▶ _Exercise prompt_
Starting at the line that contains "Toyota Auris 1.6 Premium + - 36" and stopping at the line that contains "TOWERS OF KEY", transcribe every line of the material below exactly; pictures stay out.

▶ _Source data_
>>>

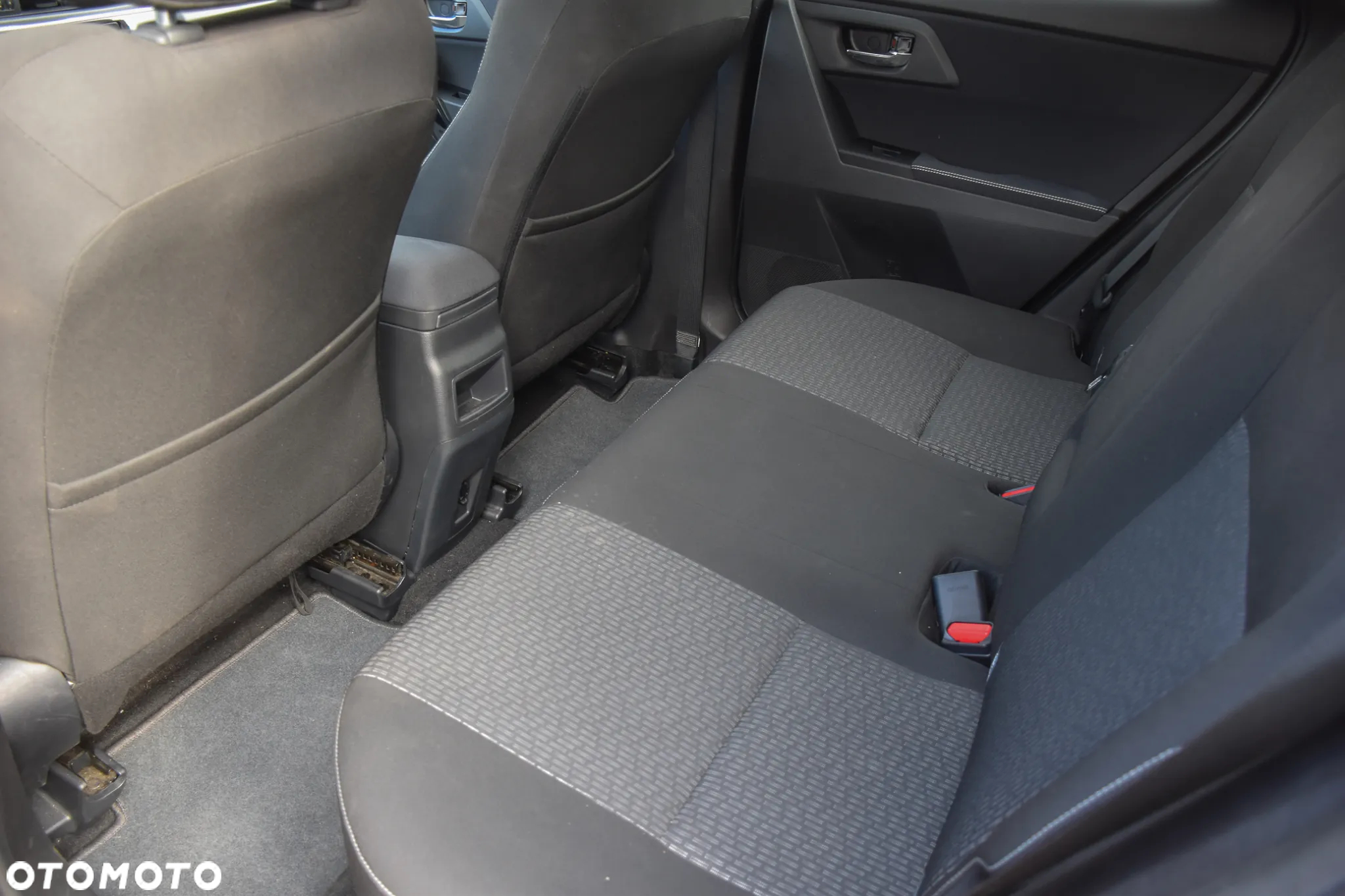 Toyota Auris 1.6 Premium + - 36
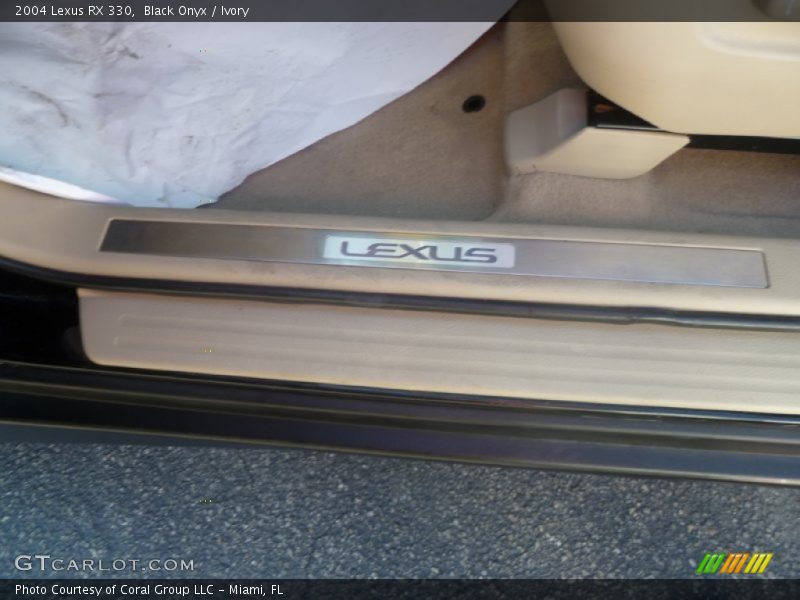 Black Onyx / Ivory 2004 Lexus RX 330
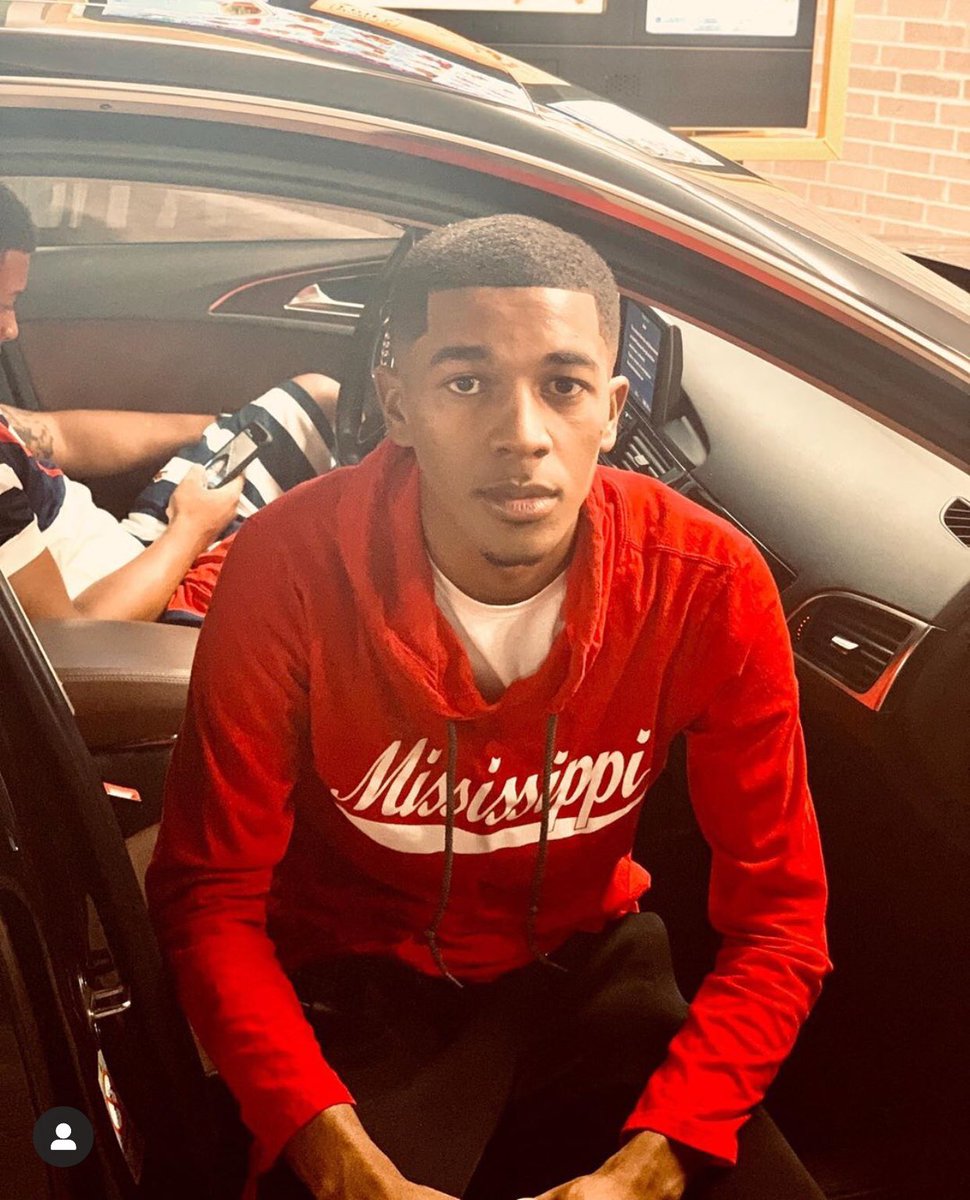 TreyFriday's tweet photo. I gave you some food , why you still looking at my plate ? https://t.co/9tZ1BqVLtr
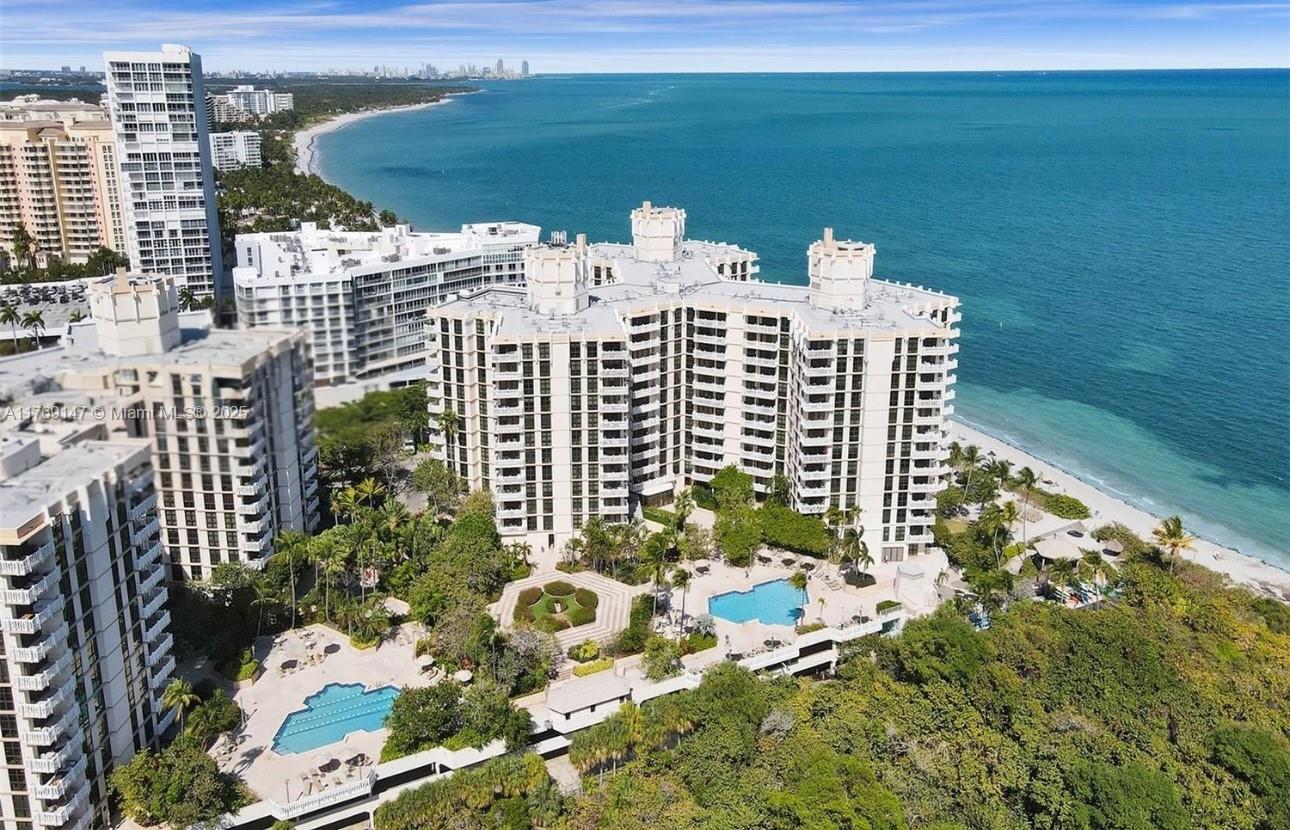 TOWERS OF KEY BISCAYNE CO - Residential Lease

<<<
>>>

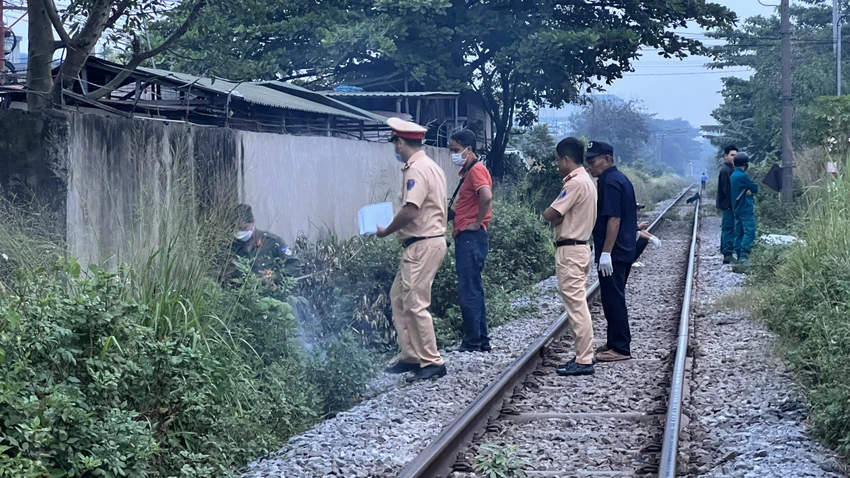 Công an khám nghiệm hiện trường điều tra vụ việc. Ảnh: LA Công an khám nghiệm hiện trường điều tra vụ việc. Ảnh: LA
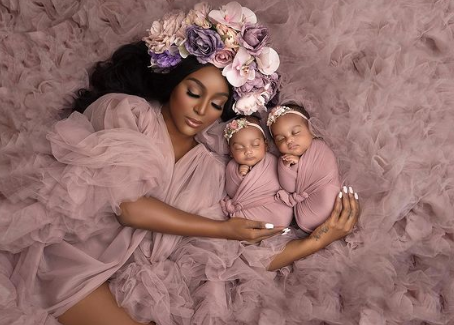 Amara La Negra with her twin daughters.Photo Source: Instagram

<<<

▶ _Problem solution_
 Toyota Auris 1.6 Premium + - 36
 Black Onyx / Ivory 2004 Lexus RX 330
 TreyFriday's tweet photo. I gave you some food , why you still looking at my plate ? https://t.co/9tZ1BqVLtr
 TOWERS OF KEY BISCAYNE CO - Residential Lease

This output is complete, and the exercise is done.